Monday, Apr. 20, 1942
Facts, Figures
>Getting tougher on several fronts at once (see col. 2), WPB last week took direct control of suppliers' inventories in a broad list of 19 trades. Henceforth no wholesaler, distributor or retailer in these trades can carry more than two months' stock on hand (if he lives in the Mountain or Pacific States, three months'). The order covered suppliers to the automotive, building, dairy, electrical, farm, foundry, hardware, plumbing, railroad, restaurant, textile mill and practically every other trade that uses any metal at all.
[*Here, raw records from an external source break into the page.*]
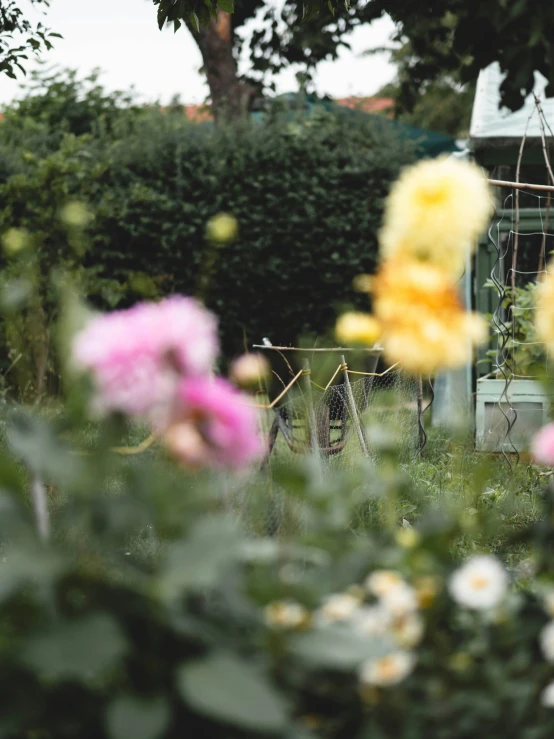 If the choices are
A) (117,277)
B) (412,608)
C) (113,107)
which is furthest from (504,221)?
(412,608)

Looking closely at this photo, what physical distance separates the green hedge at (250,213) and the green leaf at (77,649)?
681 centimetres

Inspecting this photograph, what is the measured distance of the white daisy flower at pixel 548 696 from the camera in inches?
45.0

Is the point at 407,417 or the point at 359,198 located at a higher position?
the point at 359,198

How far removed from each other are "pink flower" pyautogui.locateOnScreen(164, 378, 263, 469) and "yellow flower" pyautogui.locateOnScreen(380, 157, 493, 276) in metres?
0.34

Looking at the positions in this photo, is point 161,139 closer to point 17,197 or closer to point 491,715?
point 17,197

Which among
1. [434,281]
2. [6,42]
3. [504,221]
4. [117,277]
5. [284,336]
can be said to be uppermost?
[6,42]

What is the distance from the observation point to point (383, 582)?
3.98ft

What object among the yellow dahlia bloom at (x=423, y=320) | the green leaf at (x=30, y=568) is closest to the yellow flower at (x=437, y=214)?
the yellow dahlia bloom at (x=423, y=320)

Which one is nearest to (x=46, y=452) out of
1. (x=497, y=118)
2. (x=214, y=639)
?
(x=214, y=639)

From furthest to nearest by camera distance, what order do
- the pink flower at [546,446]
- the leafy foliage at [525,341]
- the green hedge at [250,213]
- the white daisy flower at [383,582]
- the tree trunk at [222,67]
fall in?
the tree trunk at [222,67]
the green hedge at [250,213]
the leafy foliage at [525,341]
the pink flower at [546,446]
the white daisy flower at [383,582]

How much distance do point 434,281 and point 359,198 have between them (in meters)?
6.94

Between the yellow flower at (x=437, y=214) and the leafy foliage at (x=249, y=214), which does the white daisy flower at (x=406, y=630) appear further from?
the leafy foliage at (x=249, y=214)

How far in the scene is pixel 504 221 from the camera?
6.78 metres

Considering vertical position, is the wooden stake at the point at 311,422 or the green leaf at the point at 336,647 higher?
the green leaf at the point at 336,647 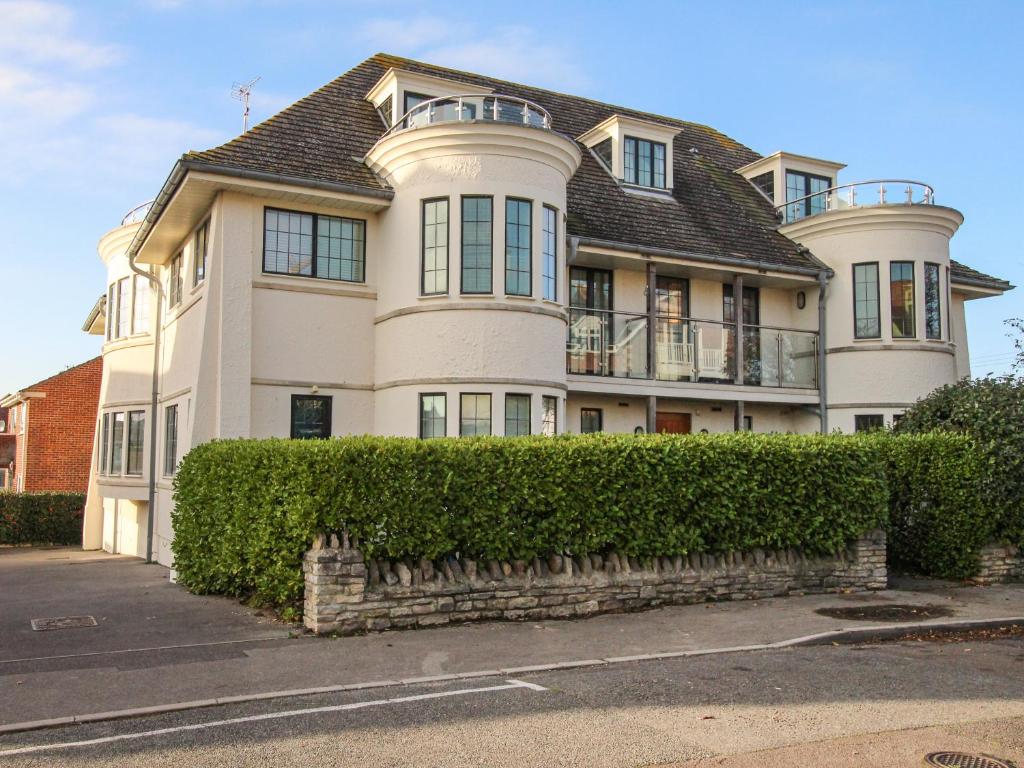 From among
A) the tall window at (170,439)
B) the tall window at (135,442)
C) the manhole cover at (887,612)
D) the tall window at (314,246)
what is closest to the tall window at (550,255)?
the tall window at (314,246)

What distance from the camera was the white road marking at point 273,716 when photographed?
629 centimetres

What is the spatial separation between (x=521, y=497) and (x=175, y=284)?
11677mm

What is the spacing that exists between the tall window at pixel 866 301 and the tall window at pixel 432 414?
1042 centimetres

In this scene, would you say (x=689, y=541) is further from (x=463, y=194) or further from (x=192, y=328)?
(x=192, y=328)

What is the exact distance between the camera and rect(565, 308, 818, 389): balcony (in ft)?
60.1

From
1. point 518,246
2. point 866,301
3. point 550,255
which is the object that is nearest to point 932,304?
point 866,301

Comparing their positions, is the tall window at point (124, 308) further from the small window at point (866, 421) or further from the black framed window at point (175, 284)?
the small window at point (866, 421)

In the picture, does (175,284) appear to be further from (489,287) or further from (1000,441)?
(1000,441)

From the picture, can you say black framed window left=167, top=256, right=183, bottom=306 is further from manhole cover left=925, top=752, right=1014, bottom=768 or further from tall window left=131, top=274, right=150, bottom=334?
manhole cover left=925, top=752, right=1014, bottom=768

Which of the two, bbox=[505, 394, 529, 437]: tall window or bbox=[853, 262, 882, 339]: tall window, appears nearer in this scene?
bbox=[505, 394, 529, 437]: tall window

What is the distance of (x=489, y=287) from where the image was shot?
51.0ft

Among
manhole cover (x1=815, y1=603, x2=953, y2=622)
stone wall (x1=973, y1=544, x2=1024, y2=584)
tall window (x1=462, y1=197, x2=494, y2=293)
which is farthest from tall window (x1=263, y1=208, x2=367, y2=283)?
stone wall (x1=973, y1=544, x2=1024, y2=584)

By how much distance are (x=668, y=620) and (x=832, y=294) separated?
12465mm

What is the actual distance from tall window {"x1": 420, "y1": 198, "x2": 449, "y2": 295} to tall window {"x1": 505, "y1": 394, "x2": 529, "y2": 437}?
7.36 feet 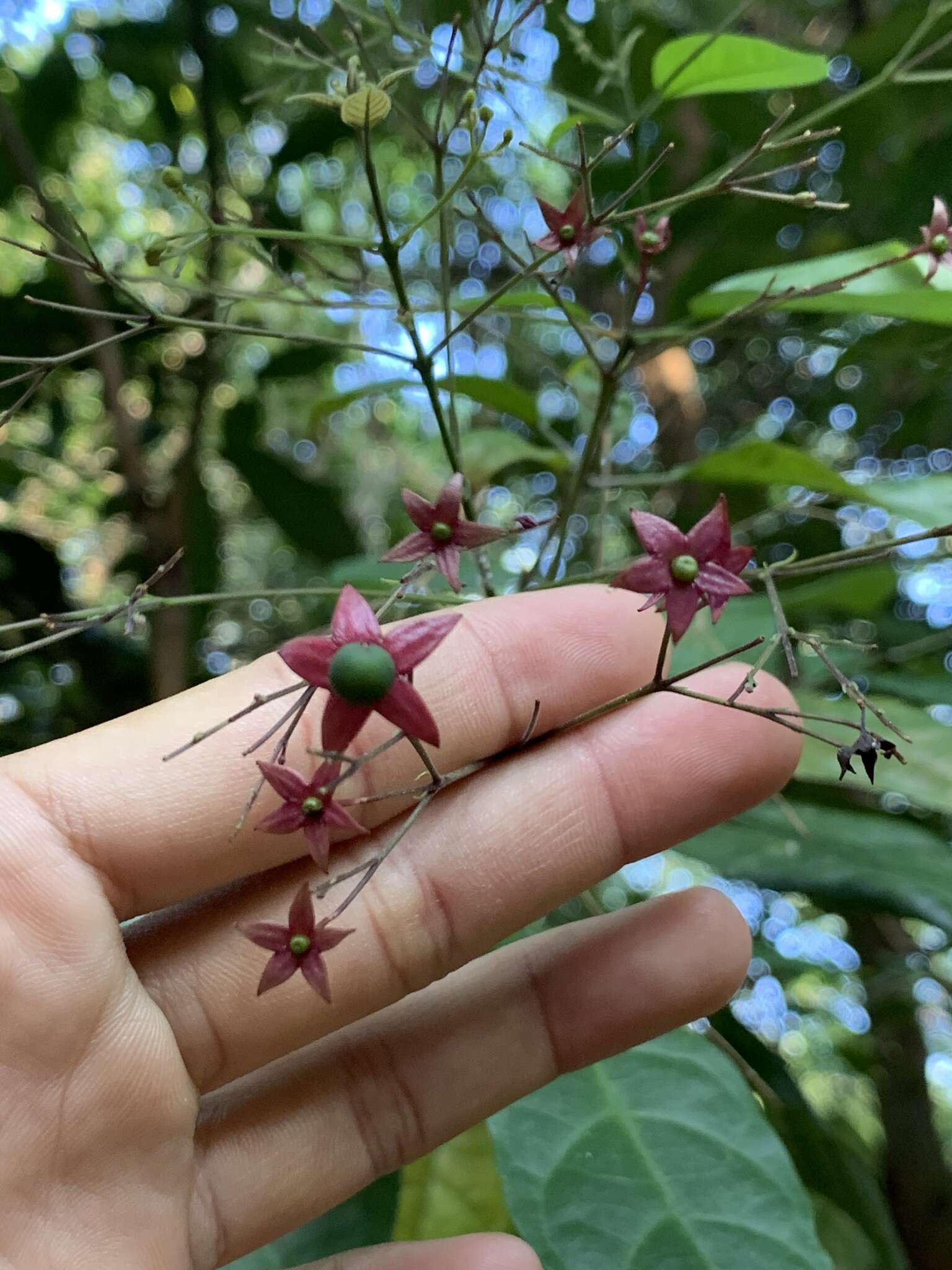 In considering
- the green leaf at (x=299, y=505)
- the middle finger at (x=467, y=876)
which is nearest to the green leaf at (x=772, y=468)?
the middle finger at (x=467, y=876)

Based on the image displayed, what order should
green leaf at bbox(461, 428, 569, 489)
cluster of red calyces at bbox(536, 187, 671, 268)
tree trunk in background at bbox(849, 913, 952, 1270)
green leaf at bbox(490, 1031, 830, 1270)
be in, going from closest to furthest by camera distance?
1. cluster of red calyces at bbox(536, 187, 671, 268)
2. green leaf at bbox(490, 1031, 830, 1270)
3. green leaf at bbox(461, 428, 569, 489)
4. tree trunk in background at bbox(849, 913, 952, 1270)

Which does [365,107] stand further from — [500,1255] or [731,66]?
[500,1255]

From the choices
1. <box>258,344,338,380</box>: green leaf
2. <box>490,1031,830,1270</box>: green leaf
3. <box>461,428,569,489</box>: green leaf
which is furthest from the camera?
<box>258,344,338,380</box>: green leaf

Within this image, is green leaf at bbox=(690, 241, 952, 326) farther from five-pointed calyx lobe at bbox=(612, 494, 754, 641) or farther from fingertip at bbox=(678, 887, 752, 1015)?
fingertip at bbox=(678, 887, 752, 1015)

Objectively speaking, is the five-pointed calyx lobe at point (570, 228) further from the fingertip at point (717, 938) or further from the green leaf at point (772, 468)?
the fingertip at point (717, 938)

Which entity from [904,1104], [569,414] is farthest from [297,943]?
[569,414]

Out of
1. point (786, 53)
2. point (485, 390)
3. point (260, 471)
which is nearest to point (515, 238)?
point (260, 471)

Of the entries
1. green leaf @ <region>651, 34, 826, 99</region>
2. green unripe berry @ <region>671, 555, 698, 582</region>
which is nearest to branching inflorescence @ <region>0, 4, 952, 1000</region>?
green unripe berry @ <region>671, 555, 698, 582</region> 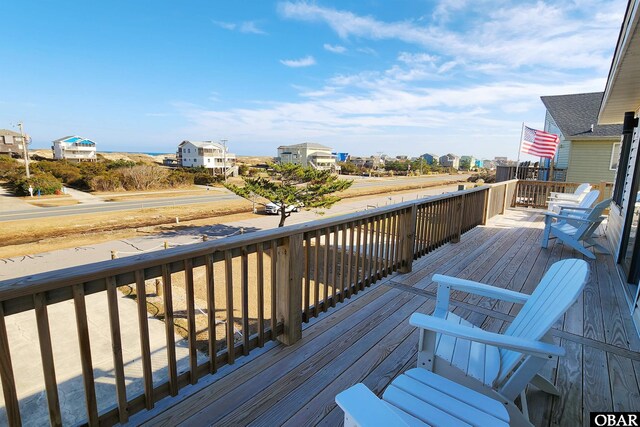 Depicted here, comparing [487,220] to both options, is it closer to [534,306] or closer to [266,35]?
[534,306]

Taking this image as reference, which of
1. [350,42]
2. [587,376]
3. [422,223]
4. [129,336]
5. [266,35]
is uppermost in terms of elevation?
[266,35]

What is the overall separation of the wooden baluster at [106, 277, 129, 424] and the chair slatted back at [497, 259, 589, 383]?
1731 mm

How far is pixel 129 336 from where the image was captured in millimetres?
6180

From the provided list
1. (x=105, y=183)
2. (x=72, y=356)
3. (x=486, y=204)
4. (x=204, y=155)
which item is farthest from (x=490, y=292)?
(x=204, y=155)

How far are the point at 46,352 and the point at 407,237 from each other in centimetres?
333

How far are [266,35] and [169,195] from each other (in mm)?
16247

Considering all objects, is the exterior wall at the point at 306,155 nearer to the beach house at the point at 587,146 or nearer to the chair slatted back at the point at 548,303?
the beach house at the point at 587,146

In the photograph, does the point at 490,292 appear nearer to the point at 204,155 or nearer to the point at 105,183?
the point at 105,183

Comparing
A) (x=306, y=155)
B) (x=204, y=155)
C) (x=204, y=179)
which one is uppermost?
(x=306, y=155)

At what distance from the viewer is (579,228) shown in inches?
187

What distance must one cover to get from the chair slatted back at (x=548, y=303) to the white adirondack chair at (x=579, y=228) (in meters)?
3.63

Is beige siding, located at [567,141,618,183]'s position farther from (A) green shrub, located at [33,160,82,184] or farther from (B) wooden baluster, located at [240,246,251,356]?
(A) green shrub, located at [33,160,82,184]

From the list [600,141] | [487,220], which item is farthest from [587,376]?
[600,141]

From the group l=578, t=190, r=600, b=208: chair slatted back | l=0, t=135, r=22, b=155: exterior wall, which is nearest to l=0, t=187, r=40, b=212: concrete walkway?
l=578, t=190, r=600, b=208: chair slatted back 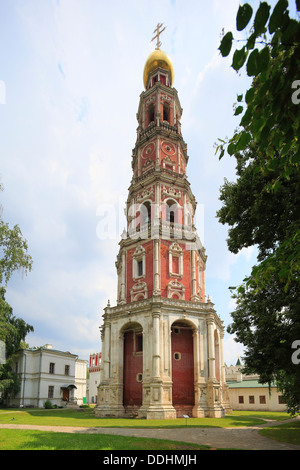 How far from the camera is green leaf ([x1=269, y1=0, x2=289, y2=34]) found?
449 cm

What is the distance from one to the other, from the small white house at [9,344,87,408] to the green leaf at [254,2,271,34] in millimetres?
45807

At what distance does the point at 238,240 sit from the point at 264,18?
13.2 m

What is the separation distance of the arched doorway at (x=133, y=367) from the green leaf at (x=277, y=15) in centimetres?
3133

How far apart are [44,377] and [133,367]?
16.6 m

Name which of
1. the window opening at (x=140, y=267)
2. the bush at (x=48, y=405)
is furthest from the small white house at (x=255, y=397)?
the bush at (x=48, y=405)

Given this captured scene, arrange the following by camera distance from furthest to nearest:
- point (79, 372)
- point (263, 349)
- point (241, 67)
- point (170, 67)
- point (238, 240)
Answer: point (79, 372) < point (170, 67) < point (238, 240) < point (263, 349) < point (241, 67)

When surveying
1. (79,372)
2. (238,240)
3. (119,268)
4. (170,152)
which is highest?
(170,152)

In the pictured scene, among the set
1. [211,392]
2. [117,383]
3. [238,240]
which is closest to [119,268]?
[117,383]

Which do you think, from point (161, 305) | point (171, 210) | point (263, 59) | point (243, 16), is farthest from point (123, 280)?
point (243, 16)

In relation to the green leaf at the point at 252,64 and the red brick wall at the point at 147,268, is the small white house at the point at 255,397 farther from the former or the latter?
the green leaf at the point at 252,64

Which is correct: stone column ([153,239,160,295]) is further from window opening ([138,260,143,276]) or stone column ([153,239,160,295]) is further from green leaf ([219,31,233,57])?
green leaf ([219,31,233,57])

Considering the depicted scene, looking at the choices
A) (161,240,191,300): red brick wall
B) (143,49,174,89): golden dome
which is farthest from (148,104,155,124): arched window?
(161,240,191,300): red brick wall

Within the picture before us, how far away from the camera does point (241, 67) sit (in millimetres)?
5031

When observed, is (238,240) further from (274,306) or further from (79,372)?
(79,372) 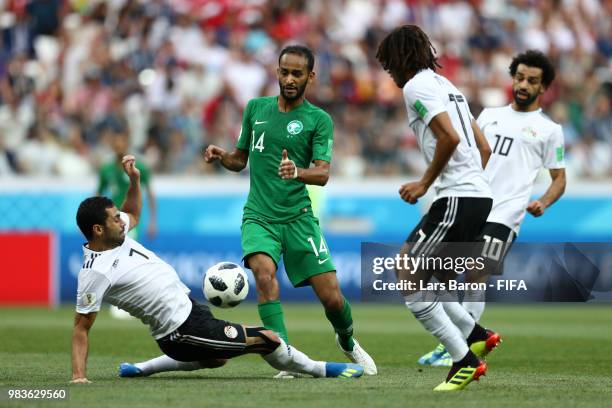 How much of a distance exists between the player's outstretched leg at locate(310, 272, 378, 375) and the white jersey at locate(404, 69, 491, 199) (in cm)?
136

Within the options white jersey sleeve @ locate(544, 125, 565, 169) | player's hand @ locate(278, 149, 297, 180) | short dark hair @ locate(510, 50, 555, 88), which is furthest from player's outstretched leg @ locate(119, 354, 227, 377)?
short dark hair @ locate(510, 50, 555, 88)

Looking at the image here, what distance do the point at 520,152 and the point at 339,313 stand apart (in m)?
2.61

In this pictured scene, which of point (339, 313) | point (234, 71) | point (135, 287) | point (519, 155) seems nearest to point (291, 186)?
point (339, 313)

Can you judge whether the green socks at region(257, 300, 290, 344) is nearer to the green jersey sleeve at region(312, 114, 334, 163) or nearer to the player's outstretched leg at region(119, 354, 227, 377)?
the player's outstretched leg at region(119, 354, 227, 377)

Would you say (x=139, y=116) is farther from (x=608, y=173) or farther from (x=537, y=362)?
(x=537, y=362)

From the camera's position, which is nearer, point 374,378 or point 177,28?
point 374,378

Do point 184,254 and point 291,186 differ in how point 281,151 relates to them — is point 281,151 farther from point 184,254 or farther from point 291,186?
point 184,254

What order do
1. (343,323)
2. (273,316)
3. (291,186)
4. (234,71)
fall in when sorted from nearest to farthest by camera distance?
(273,316)
(291,186)
(343,323)
(234,71)

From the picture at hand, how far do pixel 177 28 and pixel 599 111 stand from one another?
25.4 ft

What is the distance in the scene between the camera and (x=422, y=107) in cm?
780

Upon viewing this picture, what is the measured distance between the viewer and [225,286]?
29.2 feet

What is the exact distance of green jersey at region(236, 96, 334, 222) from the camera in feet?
29.8

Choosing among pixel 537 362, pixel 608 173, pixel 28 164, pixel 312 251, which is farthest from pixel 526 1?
pixel 312 251

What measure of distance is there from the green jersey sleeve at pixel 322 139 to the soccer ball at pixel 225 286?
1.06m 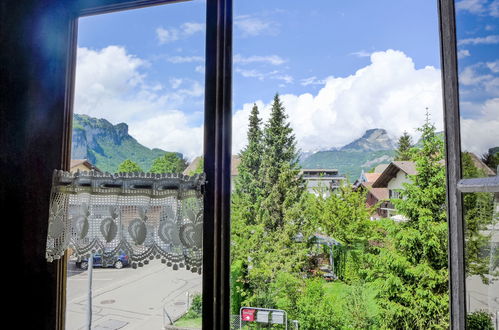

>To enforce such orders, WPB's Compliance Section and Requisitioning Branch got tougher too. Compliance accused Hoover Co. (vacuum cleaners) of misusing some 350,000 lb. of secondary aluminum, forbade it to touch any aluminum for three months. Requisitioning seized 78,000 lb. of copper sheet from a bathroom-supply dealer named Katz, who had refused to sell it to Metals Reserve. Washington was getting too small for Requisitioning's expanding Ogpu; its boss, Ernie Tupper, went to Manhattan, looked at space in the Empire State Building.
>The U.S. spent $2,987,000,000 to wage war in March, 50% more than in December.
>The U.S.-Canadian border is dimming like a Cheshire cat. Last week the two countries lifted restrictions on the seasonal migration of farm labor and machinery.
>Under their 1942 U.S. import quotas, the Philippines at the end of March had yet to ship 418,000,000 lb. of coconut oil, 1,750,000,000 lb. of raw sugar, 5,676,000 lb. of cordage, 200,000,000 cigars.
>Department of Agriculture revealed that U.S. farmland values had increased by $2,360,000,000 during the last year. Sharpest rise in almost a decade, it still left total farmland values at $36,000,000,000 v. 1920's World War I-ballooned figure of almost $55,000,000,000, and represented a rise of only 7% v. over 40% for all farm prices. Most farmers still remember the licking in land that they took the last time.